Tech Spec - LDAP Profile Picture Updates

Status: 99%

OVERVIEW

This document describes the main design and implementation decisions behind implementing the “LDAP Profile Picture Updates” feature. This feature allows a System Administrator the ability to set an LDAP Attribute name and provides the ability for the Profile Picture to be kept in sync with LDAP

GOALS

  • describe the changes and additions to the backend architecture (API and Storage)

  • describe the research and performance evaluations that guided the technical decisions

  • describe the UX changes required

SCOPE

In:

  • ability to define LDAP user attribute containing the photo

  • ability to restrict users from updating photos

  • ability to synch the photos with LDAP

  • update sync routine to specify returned attributes

Out:

  • fixing paging in the go-ldap library or current LDAP Sync

Requirements:

  • Sync on login

  • Profile image locked if setting is enabled

  • Existing LDAP users will have to logout and log back in to do a check for LDAP photo match
    enable in LDAP config

Out:

  • CLI command/job to manually sync all users

BACKGROUND READING

  1. Spike document

  2. High fidelity designs

TERMINOLOGY

Picture/Image/Photo

SPECIFICATIONS

High-level Architecture

At a high level, the System Administrator will define the “Profile Picture Attribute” in the LDAP Settings section of the System Console. This will define which attribute from the LDAP system will be used to retrieve the picture. This will require a new configuration item under LDAP Settings.

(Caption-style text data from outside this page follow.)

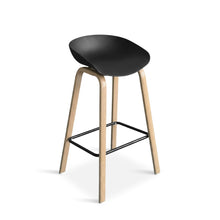 Load image into Gallery viewer, 21858-kai-bar-stool-metal-barstool-75cm-black-2601121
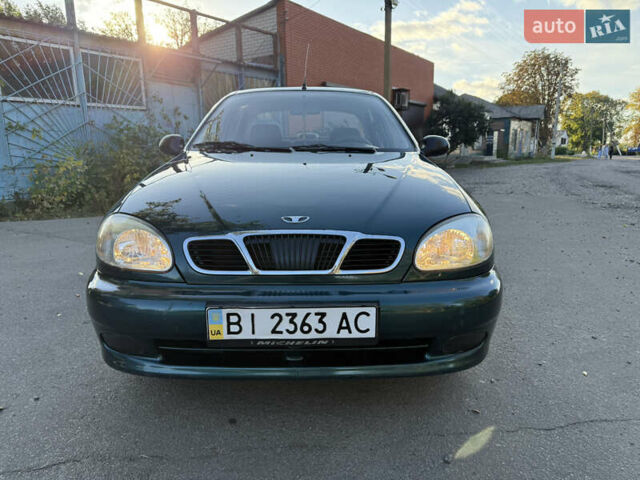 Зеленый Дэу Сенс, объемом двигателя 1.3 л и пробегом 174 тыс. км за 1999 $, фото 1 на Automoto.ua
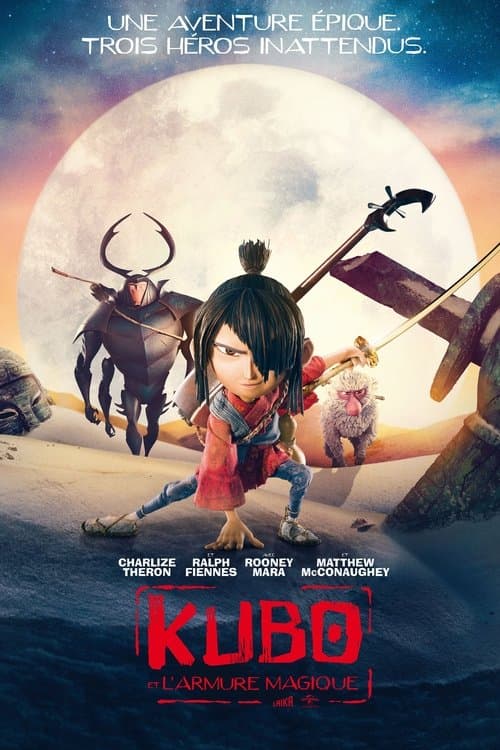 Affiche de Kubo et l'Armure magique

Once the attribute has been defined, the Mattermost image for all LDAP users will need to be updated. After the initial update, the image will need to be periodically retrieved and updated.

Configuration

Add PictureAttribute to the LDAP Settings section. Default to empty string.

UX Design

The UX will need modified in two different ways -

  1. System Console, to allow the PictureAttribute to be set

  2. User Account Settings, to disallow the user from setting their profile picture.

System Console

Add a new text type section to admin_definition.jsx in order to allow an Admin to set this attribute. Disable if Enable Sync is false. The specific text for the user interface can be found in the following figma document.

Account Settings

Normally, the user can go to account settings and upload a profile picture. When the PictureAttribute is set, the picture will be updated via LDAP Sync, therefore the user will no longer be able to change the picture. Instead when selecting the Profile Picture section of the Account Settings, the following message will be displayed.

'This field is handled through your login provider. If you want to change it, you need to do so through your login provider.'

This is the same message displayed in the other Account Sections when they are updated via LDAP Sync. The same pattern currently used in the sections of user_settings_general.jsx can be used here as well.

Tickets

Configuration and System Console Setting -
https://mattermost.atlassian.net/browse/MM-24082

User Account Settings -
https://mattermost.atlassian.net/browse/MM-24086

Sync Design

When the attribute is turned on the first time, all LDAP users in Mattermost will need to have their image updated. Then periodically, the LDAP needs to be checked, so when images get modified in LDAP, the modified image is updated in Mattermost.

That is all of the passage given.